Published in final edited form as: Transgenic Res. 2010 Jun 17;20(1):183–189. doi: 10.1007/s11248-010-9394-5

PhiC31 integrase induces efficient site-specific excision in zebrafish

Jianjun Lu 1, Lisette A Maddison 2, Wenbiao Chen 3,
PMCID: PMC3019273  NIHMSID: NIHMS223369  PMID: 20556509

Abstract

Site-specific recombinases catalyze recombination between specific targeting sites to delete, insert, invert, or exchange DNA with high fidelity.

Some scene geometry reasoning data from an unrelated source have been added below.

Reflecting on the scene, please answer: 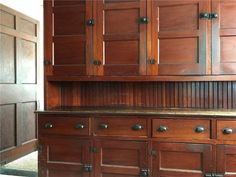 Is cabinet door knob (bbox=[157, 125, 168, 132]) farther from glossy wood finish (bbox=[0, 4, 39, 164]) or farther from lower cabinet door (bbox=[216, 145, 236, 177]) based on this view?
glossy wood finish (bbox=[0, 4, 39, 164])

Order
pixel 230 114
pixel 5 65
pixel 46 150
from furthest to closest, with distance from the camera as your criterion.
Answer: pixel 5 65, pixel 46 150, pixel 230 114

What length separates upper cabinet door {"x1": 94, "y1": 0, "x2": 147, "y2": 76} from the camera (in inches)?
90.4

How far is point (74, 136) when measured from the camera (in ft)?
7.53

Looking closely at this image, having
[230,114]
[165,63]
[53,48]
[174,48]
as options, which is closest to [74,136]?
[53,48]

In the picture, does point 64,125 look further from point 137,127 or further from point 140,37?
point 140,37

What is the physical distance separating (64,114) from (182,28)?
4.22 ft

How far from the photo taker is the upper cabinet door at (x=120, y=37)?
2295 mm

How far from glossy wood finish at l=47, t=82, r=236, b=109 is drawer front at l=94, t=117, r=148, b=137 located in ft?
1.65

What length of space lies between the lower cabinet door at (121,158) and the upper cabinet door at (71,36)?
28.5 inches

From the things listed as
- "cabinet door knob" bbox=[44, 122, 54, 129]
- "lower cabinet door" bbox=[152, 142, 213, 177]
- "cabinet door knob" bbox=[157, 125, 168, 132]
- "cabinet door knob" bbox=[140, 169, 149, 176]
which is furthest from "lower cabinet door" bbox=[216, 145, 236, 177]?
"cabinet door knob" bbox=[44, 122, 54, 129]

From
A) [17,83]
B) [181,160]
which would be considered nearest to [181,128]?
[181,160]

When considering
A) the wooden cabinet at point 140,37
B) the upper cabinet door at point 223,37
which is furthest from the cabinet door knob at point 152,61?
the upper cabinet door at point 223,37

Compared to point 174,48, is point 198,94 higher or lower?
lower

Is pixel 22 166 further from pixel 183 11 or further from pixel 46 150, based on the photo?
pixel 183 11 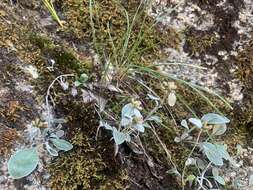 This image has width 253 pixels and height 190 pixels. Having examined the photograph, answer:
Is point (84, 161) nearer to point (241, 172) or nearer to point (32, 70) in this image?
point (32, 70)

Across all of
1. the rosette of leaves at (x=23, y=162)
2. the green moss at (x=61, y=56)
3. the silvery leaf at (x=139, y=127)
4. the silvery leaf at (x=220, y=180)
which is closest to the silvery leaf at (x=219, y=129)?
the silvery leaf at (x=220, y=180)

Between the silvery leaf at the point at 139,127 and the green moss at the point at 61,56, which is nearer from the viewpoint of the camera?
the silvery leaf at the point at 139,127

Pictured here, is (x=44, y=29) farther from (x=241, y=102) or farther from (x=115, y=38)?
(x=241, y=102)

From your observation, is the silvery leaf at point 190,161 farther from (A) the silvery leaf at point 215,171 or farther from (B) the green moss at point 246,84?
(B) the green moss at point 246,84

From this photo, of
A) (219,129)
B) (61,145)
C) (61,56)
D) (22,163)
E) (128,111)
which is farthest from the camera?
(61,56)

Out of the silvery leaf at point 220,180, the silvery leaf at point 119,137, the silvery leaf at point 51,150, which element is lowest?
the silvery leaf at point 220,180

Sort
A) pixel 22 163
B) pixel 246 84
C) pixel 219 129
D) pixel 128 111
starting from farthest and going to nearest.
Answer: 1. pixel 246 84
2. pixel 219 129
3. pixel 128 111
4. pixel 22 163

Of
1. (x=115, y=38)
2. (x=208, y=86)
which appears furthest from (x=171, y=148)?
(x=115, y=38)

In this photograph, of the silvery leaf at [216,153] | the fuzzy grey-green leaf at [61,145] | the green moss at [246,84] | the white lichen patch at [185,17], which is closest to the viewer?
the fuzzy grey-green leaf at [61,145]

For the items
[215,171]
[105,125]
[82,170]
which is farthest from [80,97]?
[215,171] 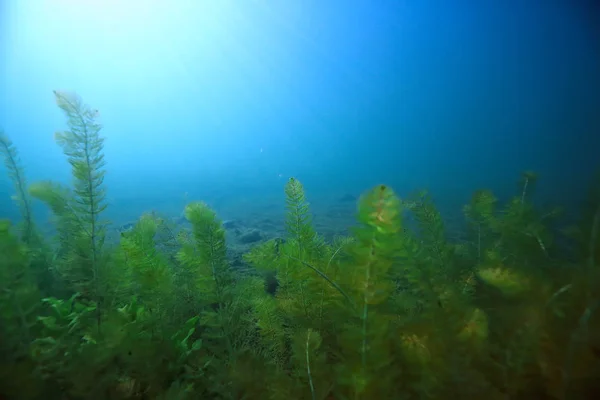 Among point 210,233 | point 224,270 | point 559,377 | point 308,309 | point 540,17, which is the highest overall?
point 540,17

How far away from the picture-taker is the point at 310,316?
2.50 meters

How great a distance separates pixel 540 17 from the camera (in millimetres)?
45938

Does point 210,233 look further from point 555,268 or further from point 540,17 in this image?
point 540,17

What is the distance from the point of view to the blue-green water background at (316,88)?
50062mm

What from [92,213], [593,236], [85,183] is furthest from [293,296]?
[593,236]

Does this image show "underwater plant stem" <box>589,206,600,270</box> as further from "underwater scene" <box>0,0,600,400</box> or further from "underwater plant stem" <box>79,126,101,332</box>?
"underwater plant stem" <box>79,126,101,332</box>

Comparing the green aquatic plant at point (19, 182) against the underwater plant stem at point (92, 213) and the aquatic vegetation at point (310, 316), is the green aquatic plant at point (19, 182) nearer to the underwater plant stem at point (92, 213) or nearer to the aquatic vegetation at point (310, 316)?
the aquatic vegetation at point (310, 316)

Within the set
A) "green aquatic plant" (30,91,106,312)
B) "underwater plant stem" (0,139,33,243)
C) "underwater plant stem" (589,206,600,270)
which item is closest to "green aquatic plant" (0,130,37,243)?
"underwater plant stem" (0,139,33,243)

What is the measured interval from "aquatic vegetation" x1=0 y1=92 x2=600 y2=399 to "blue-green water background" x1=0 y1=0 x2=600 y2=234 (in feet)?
74.9

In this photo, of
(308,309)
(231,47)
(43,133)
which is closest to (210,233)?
(308,309)

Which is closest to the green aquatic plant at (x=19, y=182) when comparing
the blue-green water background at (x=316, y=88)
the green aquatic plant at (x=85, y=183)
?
the green aquatic plant at (x=85, y=183)

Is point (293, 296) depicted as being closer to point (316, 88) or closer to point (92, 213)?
point (92, 213)

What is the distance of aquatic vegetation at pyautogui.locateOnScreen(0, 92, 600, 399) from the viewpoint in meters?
1.50

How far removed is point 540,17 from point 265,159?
4123 inches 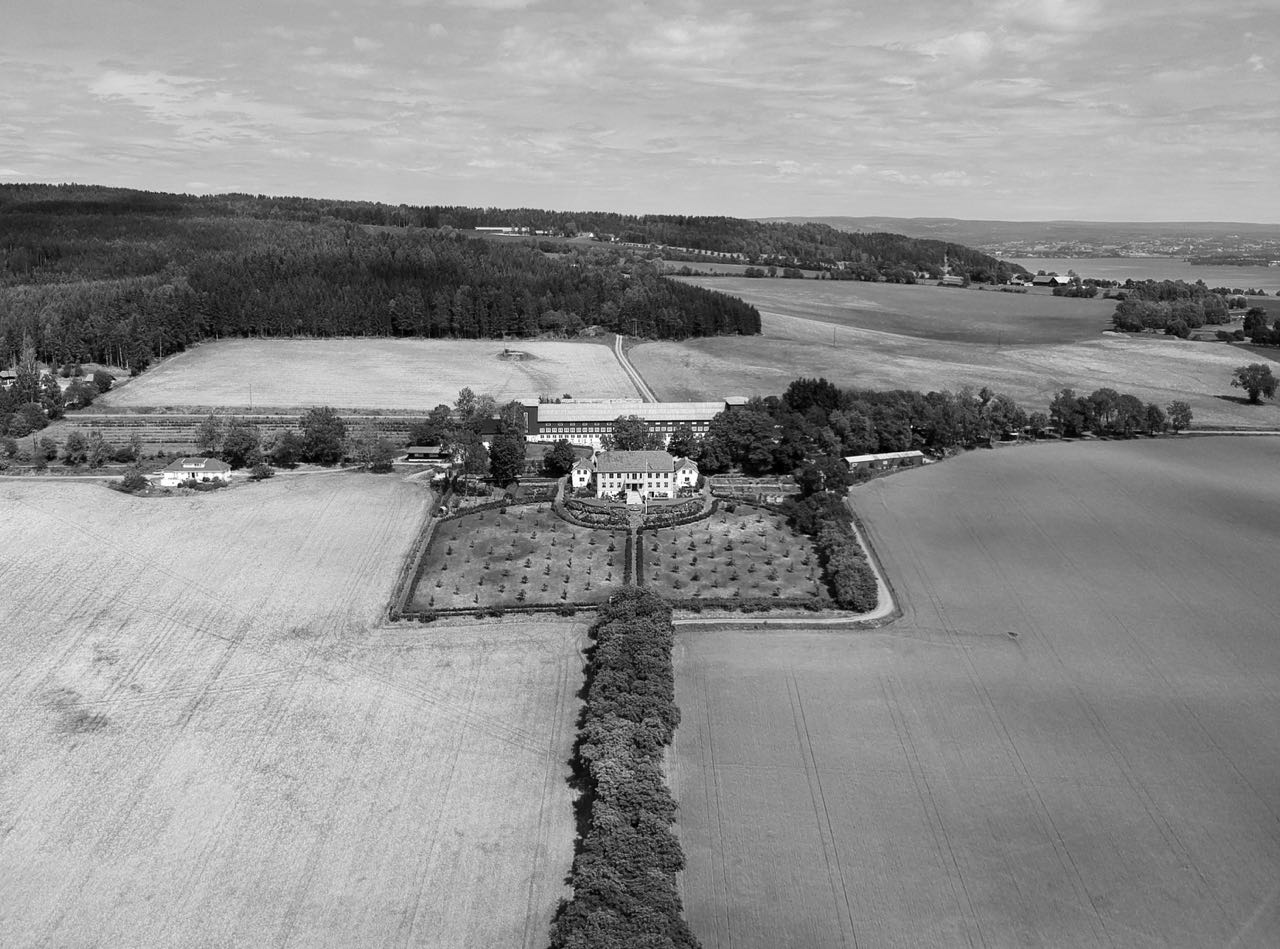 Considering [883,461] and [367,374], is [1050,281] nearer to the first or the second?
[883,461]

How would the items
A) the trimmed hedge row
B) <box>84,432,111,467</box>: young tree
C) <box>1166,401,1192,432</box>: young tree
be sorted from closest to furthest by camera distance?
the trimmed hedge row → <box>84,432,111,467</box>: young tree → <box>1166,401,1192,432</box>: young tree

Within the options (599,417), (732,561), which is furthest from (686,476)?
(599,417)

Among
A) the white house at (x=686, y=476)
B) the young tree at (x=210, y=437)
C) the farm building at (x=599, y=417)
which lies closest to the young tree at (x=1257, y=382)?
the farm building at (x=599, y=417)

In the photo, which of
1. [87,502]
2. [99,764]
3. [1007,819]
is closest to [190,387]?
[87,502]

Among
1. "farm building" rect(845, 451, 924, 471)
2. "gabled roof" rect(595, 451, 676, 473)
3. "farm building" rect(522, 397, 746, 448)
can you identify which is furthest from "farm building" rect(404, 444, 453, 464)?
"farm building" rect(845, 451, 924, 471)

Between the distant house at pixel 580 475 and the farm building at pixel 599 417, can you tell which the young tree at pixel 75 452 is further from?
the distant house at pixel 580 475

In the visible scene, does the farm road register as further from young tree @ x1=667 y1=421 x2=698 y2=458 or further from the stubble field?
young tree @ x1=667 y1=421 x2=698 y2=458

In addition to the widely used Cre and Flp recombinases, the phiC31 integrase system from Streptomyces phage may also be used for these genetic manipulations in eukaryotic cells. Unlike Cre and Flp, phiC31 recognizes two heterotypic sites, attB and attP, for recombination. While the phiC31 system has been recently applied in mouse and human cell lines and in Drosophila, it has not been demonstrated whether it can also catalyze efficient DNA recombination in zebrafish. Here we show that phiC31 integrase efficiently induces site-specific deletion of episomal targets as well as chromosomal targets in zebrafish embryos. Thus, the phiC31 system can be used in zebrafish for genetic manipulations, expanding the repertoire of available tools for genetic manipulation in this vertebrate model.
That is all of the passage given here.